Là réside sans doute la grande faiblesse de Conclave. Edward Berger et son scénariste, Peter Straughan, semblent moins intéressés par la religion catholique, ses spécificités, son administration, les débats internes qui la rendent contemporaine et vivante, que par le cinéma dopé aux moments d’intensité dramatique qu’ils peuvent en tirer, souvent artificiellement. À plusieurs moments, les personnages, tous religieux, font état des difficultés qui les saisissent. Difficulté dans la prière pour l’un, doute non pas dans sa foi mais dans l’Église pour l’autre. Mais que cela veut-il dire ? Dans la pratique du catéchisme ou dans l’organisation du culte à travers le monde, comment cela se concrétise-t-il ? Voilà des questions passionnantes auxquelles le film n’apportera aucun approfondissement. L’intrigue pourrait se dérouler les jours qui précèdent un vote à l’Assemblée ou chez des mafieux au moment de la mort du parrain, elle n’aurait été bien différente.

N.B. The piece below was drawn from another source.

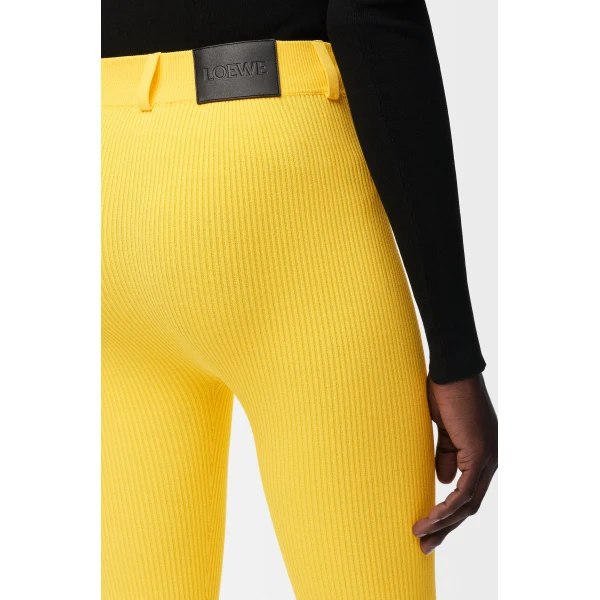 Leggings in Viscose Blend, Yellow - Image 5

Regrettable. Les quelques scènes que le film ébauche sur ces sujets sont ses plus fortes. En tête, une homélie joliment écrite sur le doute comme moteur et non obstacle à la foi, ou une conversation entre Lawrence et le cardinal Tedesco sur l’importance de la langue dans les débats religieux qui animent les forces en présence – la cohabitation de l’anglais, l’italien et d’un peu d’espagnol dans le film est une des forces du long-métrage. Quel dommage que ces considérations ne soient pas davantage mises en scène. En l’état, les quelques discussions moins comptables (combien de vote pour quel candidat ?) que théoriques et théologiques sont menues et souvent écrites à gros traits (les méchants sont islamophobes et homophobes, les gentils prônent la tolérance). Si ces réflexions sont brûlantes dans les débats concernant l’Église catholique de nos jours, on en ressort avec l’impression de n’avoir rien appris. Une bévue pour un film qui se proposait d’explorer un monde trop peu représenté au cinéma. Conclave reste comme un (plutôt) joli verni recouvrant une toile trop vide. Accaparé par son baroque, sa débauche de moyens, Edward Berger rate le beau et riche sujet qu’il esquisse.